I got Týr from someone who felt like she couldn't give him enough attention anymore. She asked me, shortly after Loki's death, if I wanted to take him in. And so I did. 
To be honest, it wasn't so easy at first. I missed my Loki so much and Týr is (of course) an entirely different hog; while Loki was the sweetest and easiest hedgehog ever, Týr was hissing and huffing. I don't think he was _that _grumpy; just not what I was used to. And even though I know everyone is different it can be hard when you miss someone that much. Even when you know there are no, and shouldn't be no replacements.
I handle him everyday and he's becoming less and less huffy. He has the hilarious habit of stealing my stuff. It doesn't really matter what but if I have it, he wants it. Socks are still his favourite though. He is such a funny guy who loves exploring, but enjoys cuddling more and more. I've had him since August and I'm looking forward to the new year. I hope it'll be filled with lots of happiness! 
And probably babies  He might have a date soon with someone else's hedgehog. I'm hoping I'll be able to keep one of the babies.

Enough talking for now, time for pictures!










^ back when I just got him. He was such a round, chubby potato :lol: He has lost quite some weight since then.

Some days you just want to go back to bed and sleep...

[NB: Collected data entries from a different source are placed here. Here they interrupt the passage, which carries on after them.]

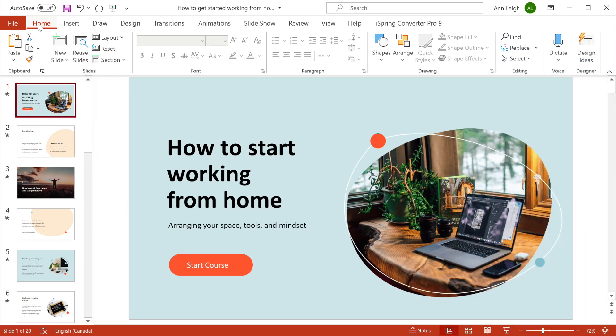Hey there! Today I'm going to show you how to easily convert PowerPoint to HTML5.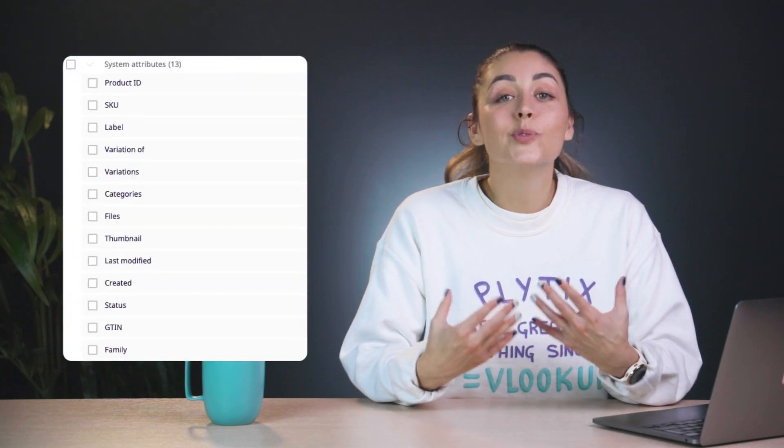Hey, I'm Manuela with Plytix. As you hopefully already know by now, in Plytix you can manage all of your product information efficiently by creating as many custom attributes as you need in order to store all of your product data. But it's also important to know that every single Plytix account comes with a set of system attributes. In this video you'll get an overview of what these system attributes are and how you can use them.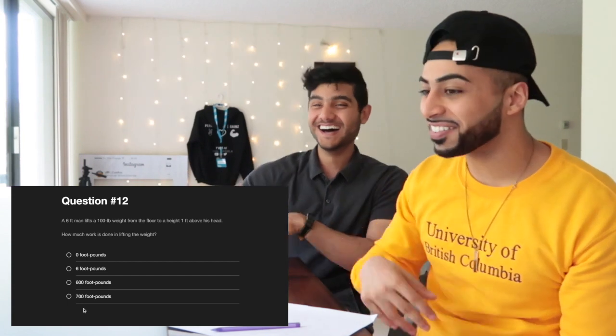Question thirteen: a six-foot man lifts a 100-pound weight from the floor to one foot above his head. How much work is done? Work equals force times distance. Force is 100 pounds and distance is seven feet (6 ft height + 1 ft above head), giving 700 foot-pounds. They note this is exactly how the MCAT tries to catch you with the extra foot detail.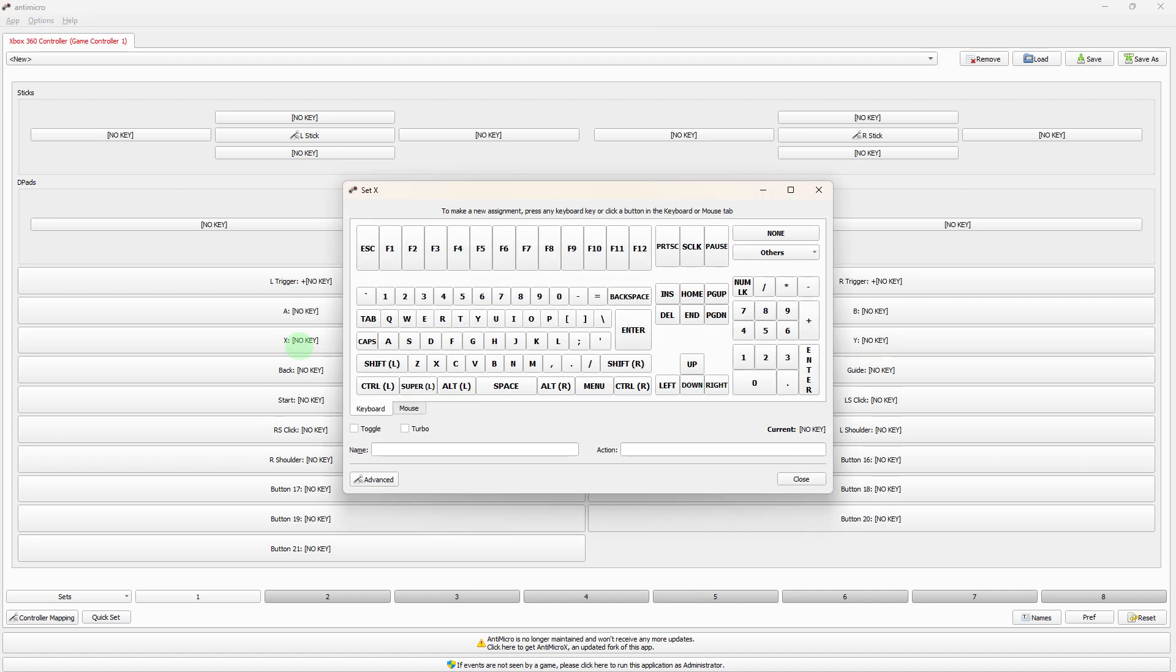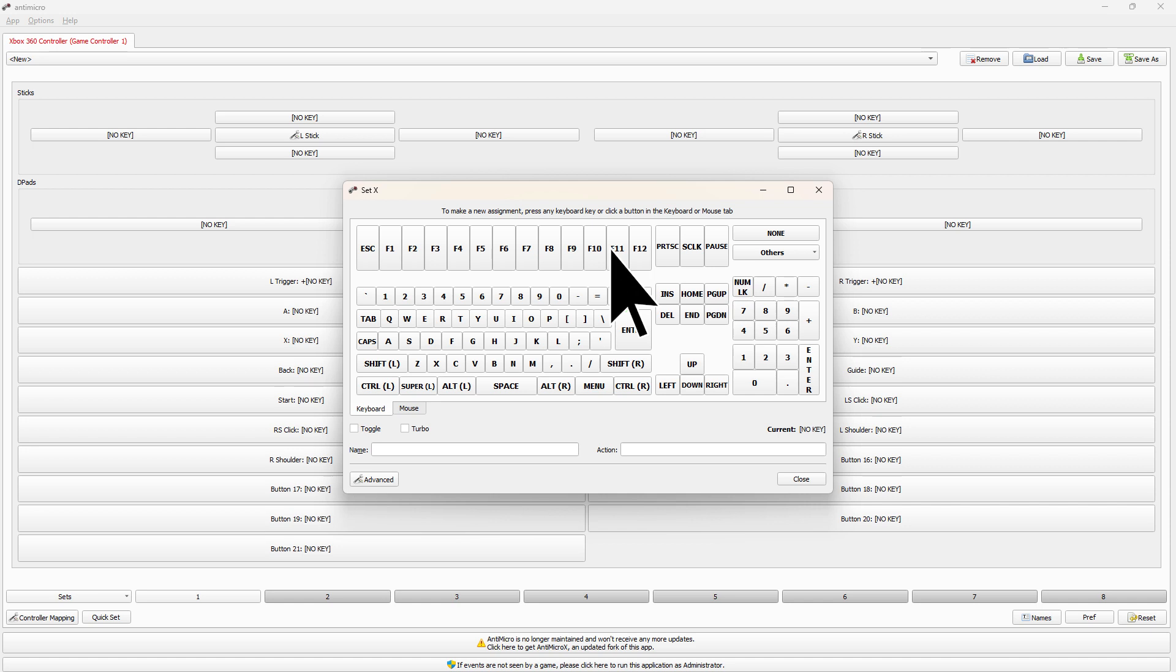In the Mapping tab, click on the button you want to map on your controller. Assign a new keyboard key to the selected controller button by clicking on the corresponding box in the keyboard shortcut section.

As for being a little thief... stealing my bra










My fudge










Sometimes it tastes good










and sometimes it doesn't!










_Really _doesn't










A little privacy please! 










... but he can be pretty too










And cute!



















Anointing with a towel. Make sure you have your sound on so you can hear his happy noises  (he falls of the edge in the end and just drags the towel with him :lol: )






Older exploring video






And some sock-stealing :lol:


----------



## fishhead (Nov 18, 2013)

Aw, he's so cute. Nice photographic work, you really captured a ton of personality in those.


----------



## Annie&Tibbers (Apr 16, 2013)

I love Týr. He's such a charming scamp!


----------



## brittbritt (Dec 19, 2013)

Those are great pictures of such a photogenic hedgehog.


----------



## Draenog (Feb 27, 2012)

Thanks! Out of the hedgehogs I've had he's the hardest one to photograph, but it's getting easier


----------



## shetland (Sep 2, 2008)

Thank you for the pictures and videos of this wonderful little boy! My favorite video is the one where he is dragging the sock about. I just love him!!!


----------



## Draenog (Feb 27, 2012)

Thank you shetland!


----------



## Draenog (Feb 27, 2012)

Some new pics  made a comparison picture, he only weighs 560 grams now!



















And after a bath


----------



## MomLady (Aug 14, 2010)

Oh he's such a cutie. 

In that last picture, he looks like he's laughing. And you can see his TEEFS!


----------



## brittbritt (Dec 19, 2013)

I especially love the smiling teethy picture.


----------



## Aether (Nov 18, 2013)

Oh my goodness!!!! So adorable!! My hubby and I died laughing at the video you posted of him stealing the sock. xD


----------